Input data:
►
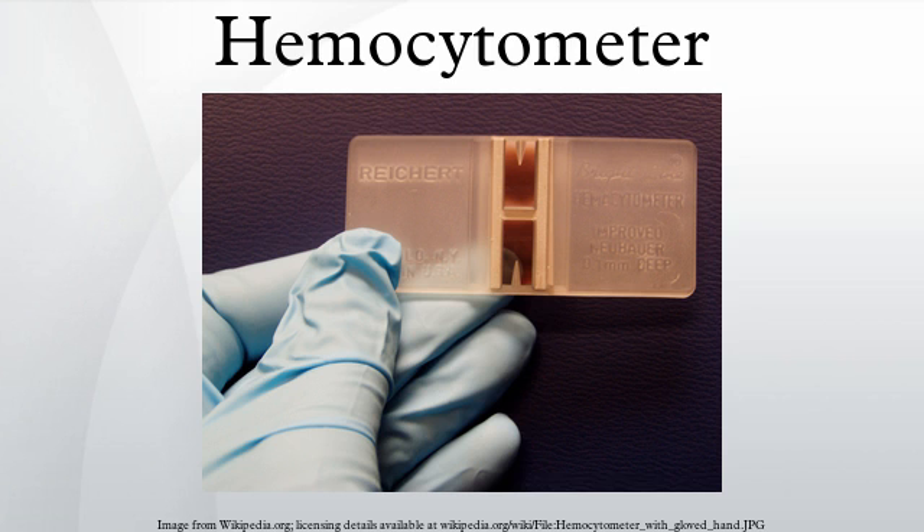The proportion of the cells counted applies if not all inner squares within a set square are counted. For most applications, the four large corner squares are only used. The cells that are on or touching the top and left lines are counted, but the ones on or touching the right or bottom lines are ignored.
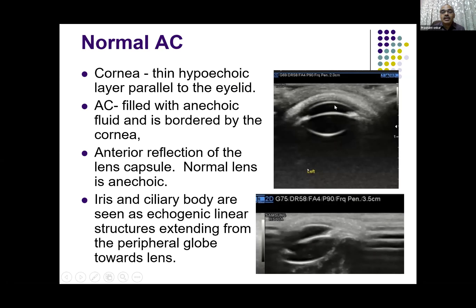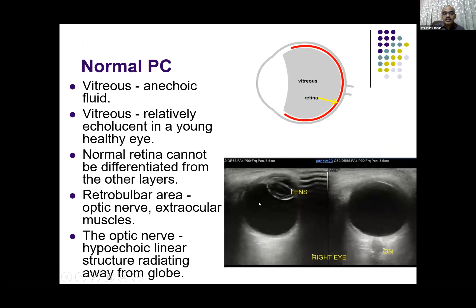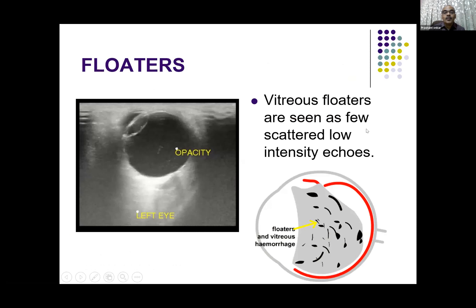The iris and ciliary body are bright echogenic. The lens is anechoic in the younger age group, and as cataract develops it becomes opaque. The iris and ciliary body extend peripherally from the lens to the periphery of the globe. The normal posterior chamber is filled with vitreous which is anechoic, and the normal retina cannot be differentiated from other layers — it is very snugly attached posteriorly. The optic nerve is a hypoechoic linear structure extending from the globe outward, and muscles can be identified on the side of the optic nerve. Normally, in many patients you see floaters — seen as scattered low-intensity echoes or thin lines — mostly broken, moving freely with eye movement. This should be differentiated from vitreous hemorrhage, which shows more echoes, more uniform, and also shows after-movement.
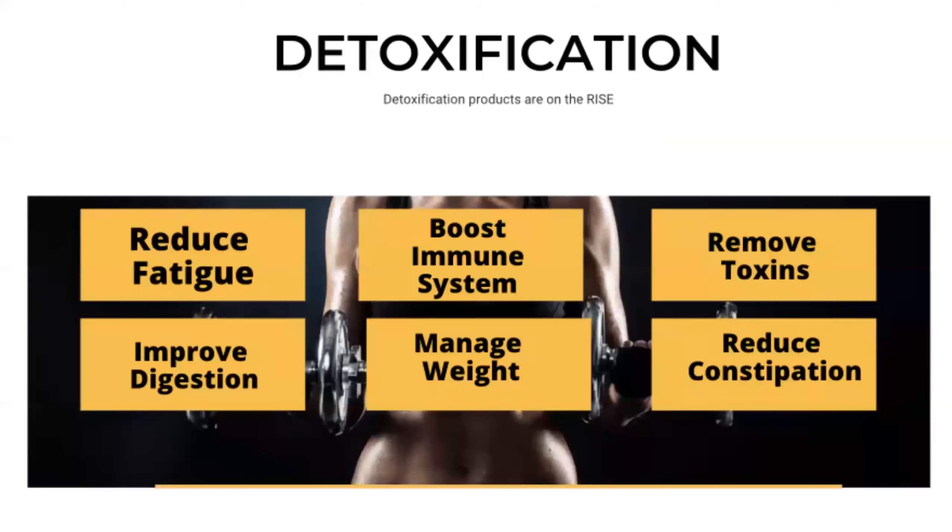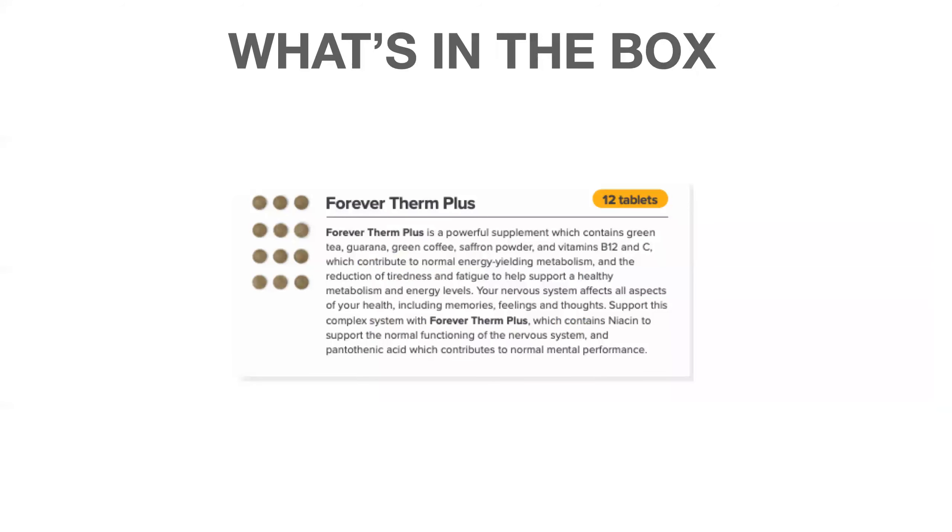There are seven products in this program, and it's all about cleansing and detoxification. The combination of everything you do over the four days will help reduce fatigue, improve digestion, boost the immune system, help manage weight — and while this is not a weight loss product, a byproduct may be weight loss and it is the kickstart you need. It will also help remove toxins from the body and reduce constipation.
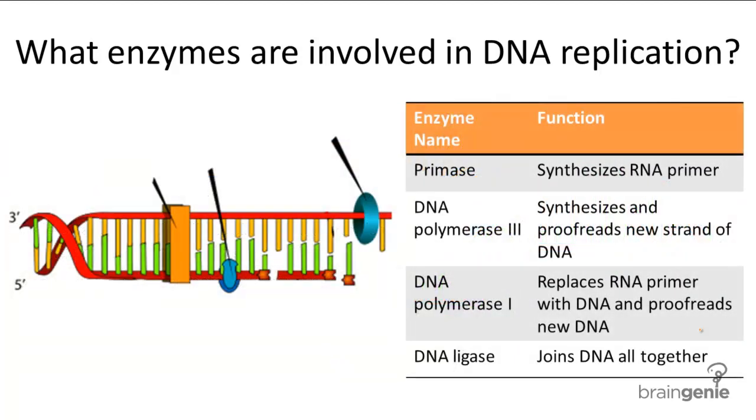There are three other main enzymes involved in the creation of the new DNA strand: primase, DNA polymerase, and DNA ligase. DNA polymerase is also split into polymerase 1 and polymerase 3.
◄
Task objective:
Leave out the images and write out the listing above exactly.

The answer:
The proportion of the cells counted applies if not all inner squares within a set square are counted. For most applications, the four large corner squares are only used. The cells that are on or touching the top and left lines are counted, but the ones on or touching the right or bottom lines are ignored.
The iris and ciliary body are bright echogenic. The lens is anechoic in the younger age group, and as cataract develops it becomes opaque. The iris and ciliary body extend peripherally from the lens to the periphery of the globe. The normal posterior chamber is filled with vitreous which is anechoic, and the normal retina cannot be differentiated from other layers — it is very snugly attached posteriorly. The optic nerve is a hypoechoic linear structure extending from the globe outward, and muscles can be identified on the side of the optic nerve. Normally, in many patients you see floaters — seen as scattered low-intensity echoes or thin lines — mostly broken, moving freely with eye movement. This should be differentiated from vitreous hemorrhage, which shows more echoes, more uniform, and also shows after-movement.
There are seven products in this program, and it's all about cleansing and detoxification. The combination of everything you do over the four days will help reduce fatigue, improve digestion, boost the immune system, help manage weight — and while this is not a weight loss product, a byproduct may be weight loss and it is the kickstart you need. It will also help remove toxins from the body and reduce constipation.
There are three other main enzymes involved in the creation of the new DNA strand: primase, DNA polymerase, and DNA ligase. DNA polymerase is also split into polymerase 1 and polymerase 3.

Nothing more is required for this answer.